(Caption-style text data)
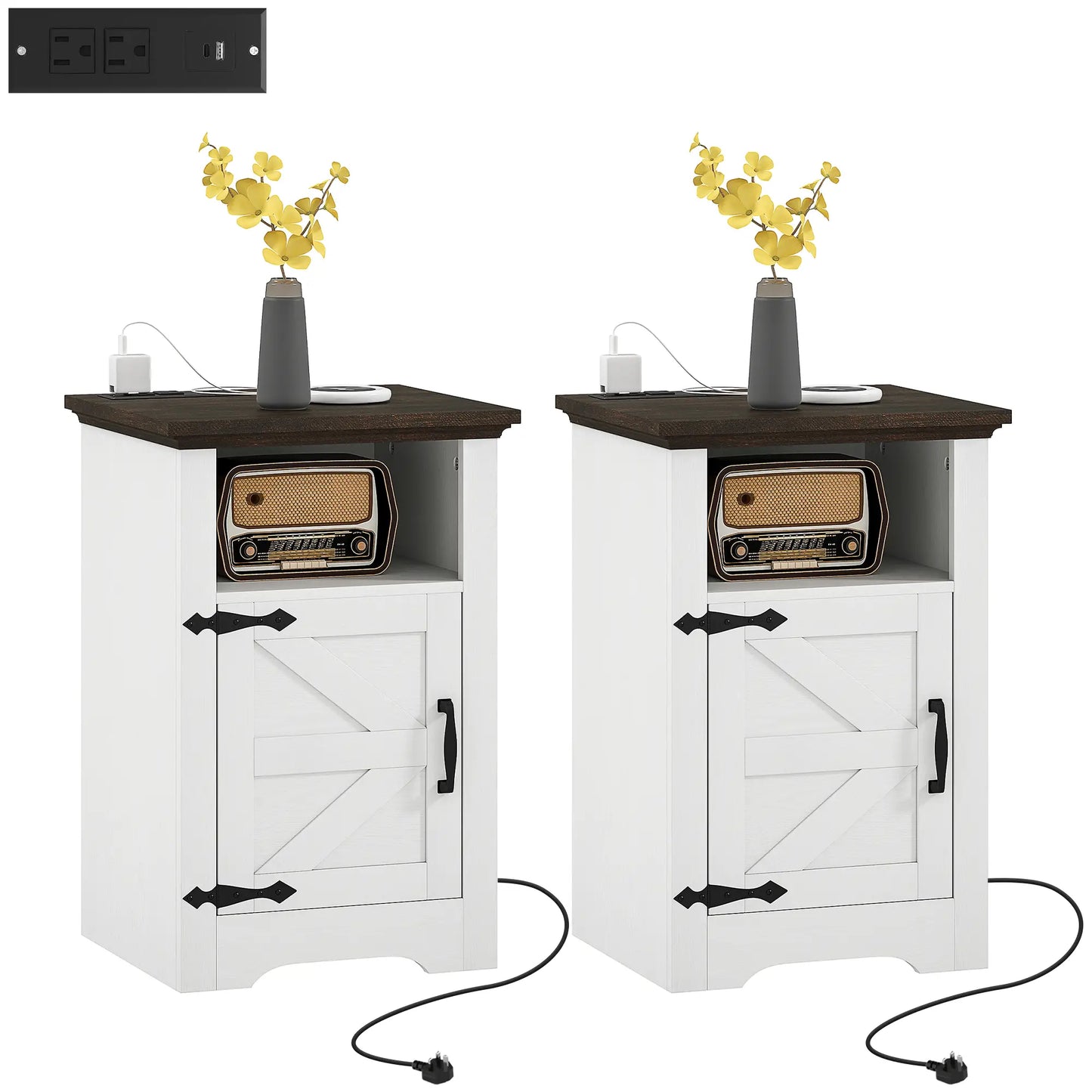 Set of 2 Side Tables, Night Stands with Outlets, White Side Tables at Gallery Canada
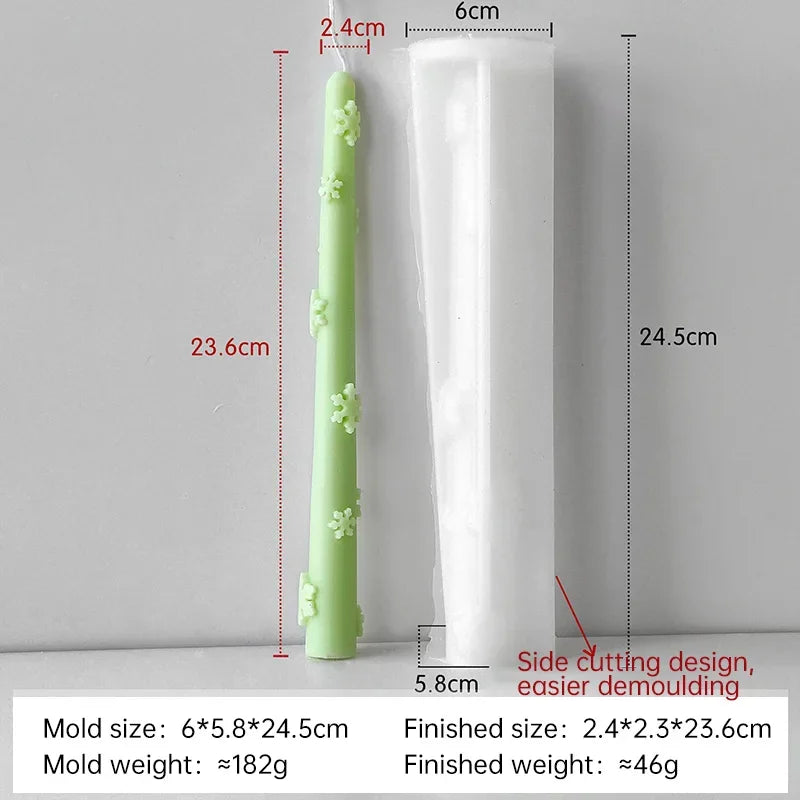 Flowers Pattern Candle Stick Silicone Mould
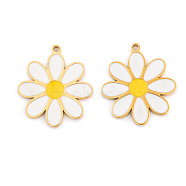 Ion Plating(IP) 304 Stainless Steel Pendants, with Enamel, Real 18K Gold Plated, Flower Charm, White, 16.5x15x1.5mm, Hole: 1mm(STAS-O007-05G)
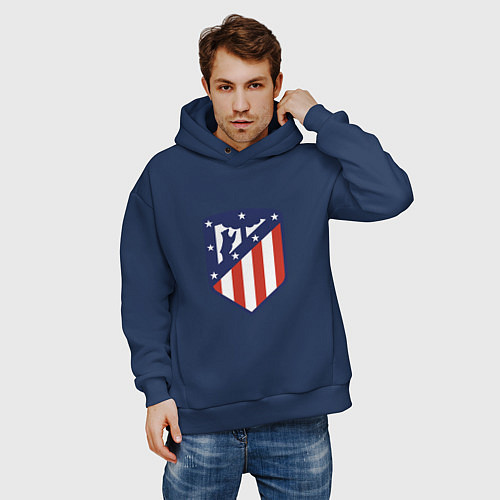 Мужское худи оверсайз Atletico Madrid / Тёмно-синий – фото 3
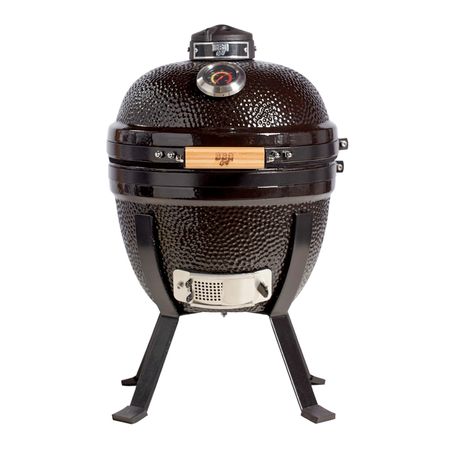 Parrilla Kamado Bbq Grill Kadu K14 Ahumador Ceramico Negro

▸ **Problem to solve**: Repeat word for word the lines beginning at the one with "Мужское худи оверсайз" and ending at the final line of the records above, both included, and no others. Leave the pictures out.

▸ **Answer space**:
 Мужское худи оверсайз Atletico Madrid / Тёмно-синий – фото 3
 Parrilla Kamado Bbq Grill Kadu K14 Ahumador Ceramico Negro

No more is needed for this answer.